• [What to produce] Type the entries out again exactly as they read, but leave every picture behind.

┄┄┄┄┄┄┄┄┄┄

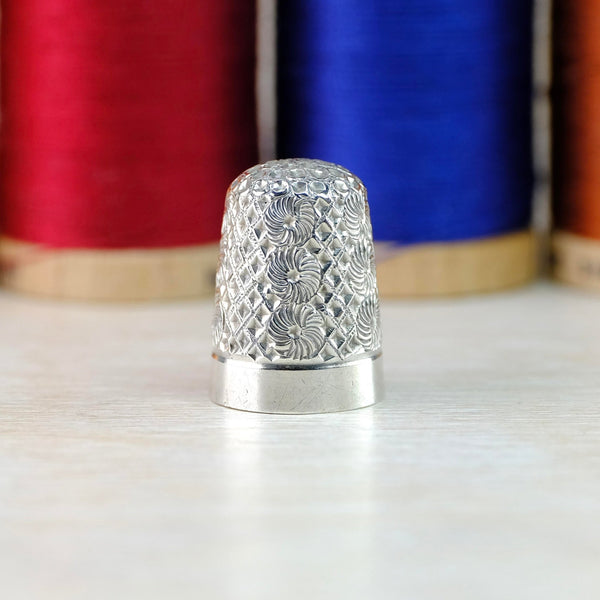 Antique Silver Thimble Hallmarked Birmingham, 1893.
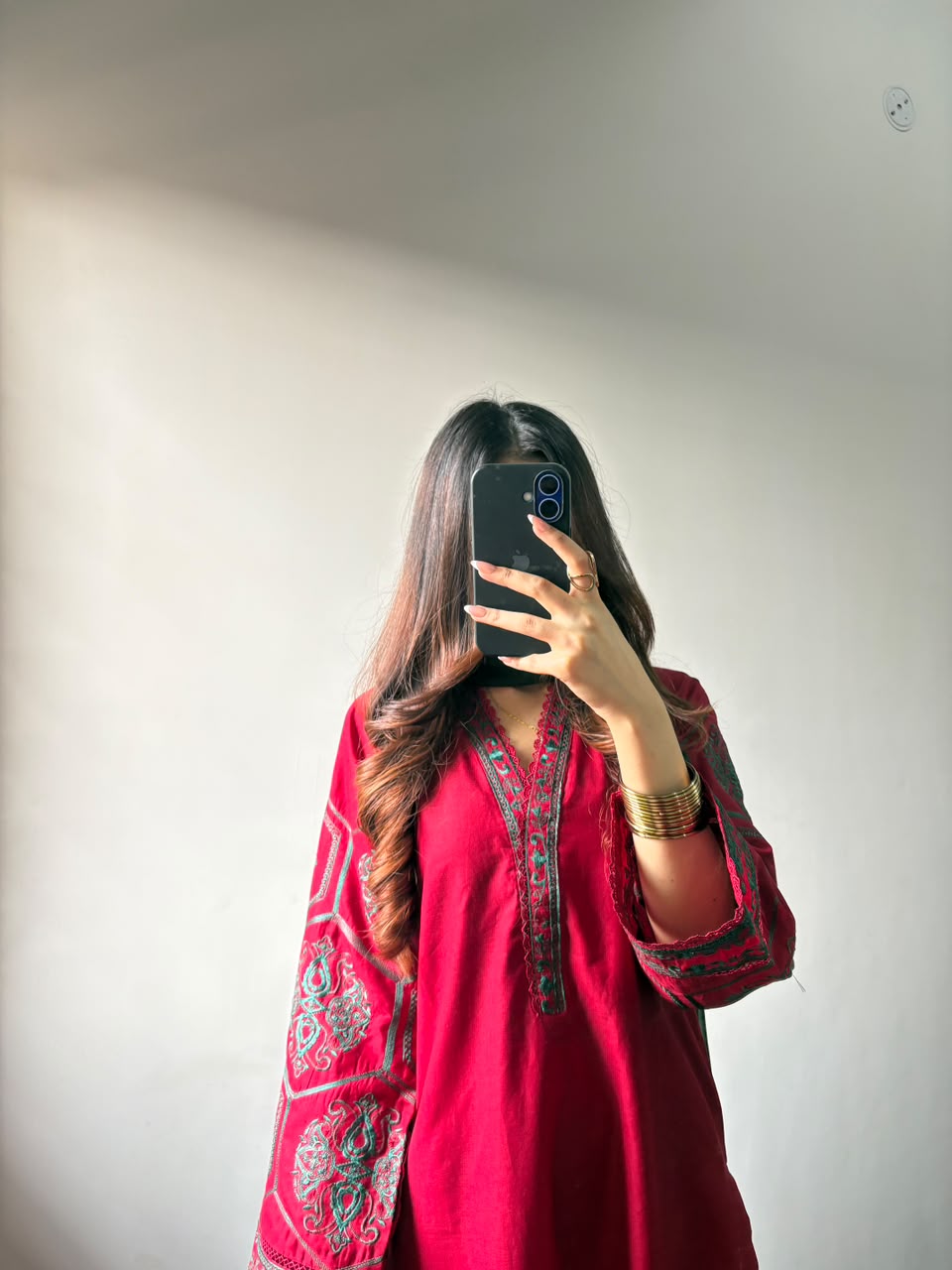 Crimson Allure 3PC Stitched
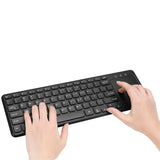 Adesso SlimTouch 4050 - Wireless Keyboard with Built-in Touchpad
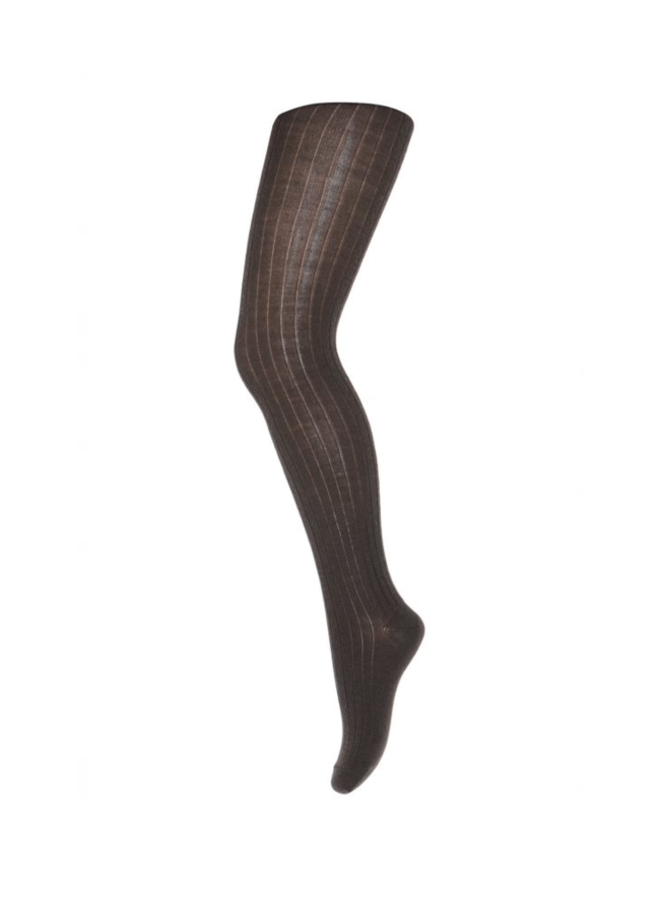 MP Denmark |  cotton rib tights |  dark brown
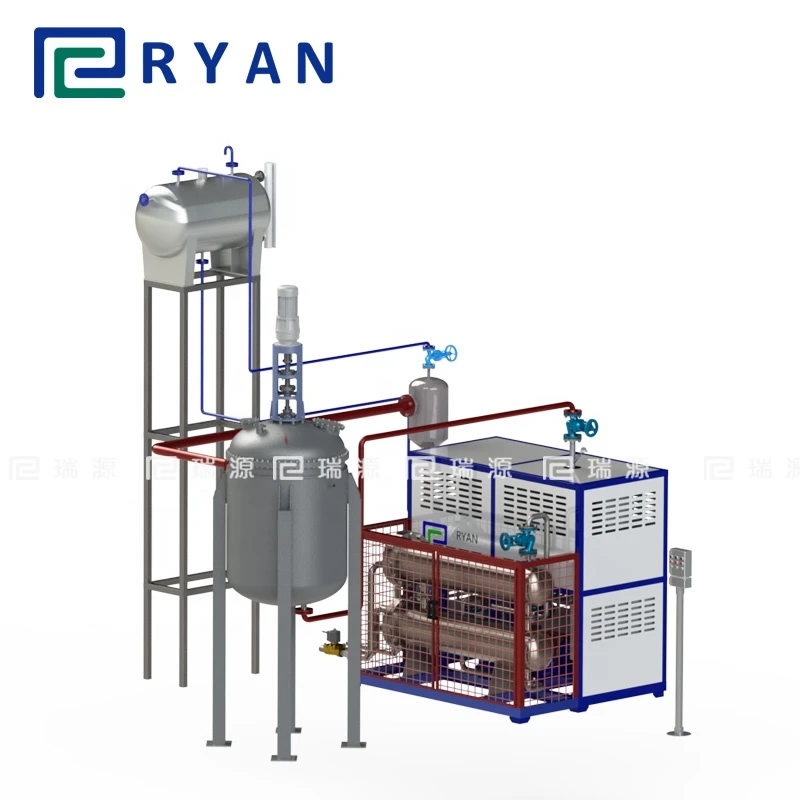 electric thermal oil heater circulating heating system for heating reactor in chemical industry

┄┄┄┄┄┄┄┄┄┄

• [Answer to this task]
 Antique Silver Thimble Hallmarked Birmingham, 1893.
 Crimson Allure 3PC Stitched
 Adesso SlimTouch 4050 - Wireless Keyboard with Built-in Touchpad
 MP Denmark |  cotton rib tights |  dark brown
 electric thermal oil heater circulating heating system for heating reactor in chemical industry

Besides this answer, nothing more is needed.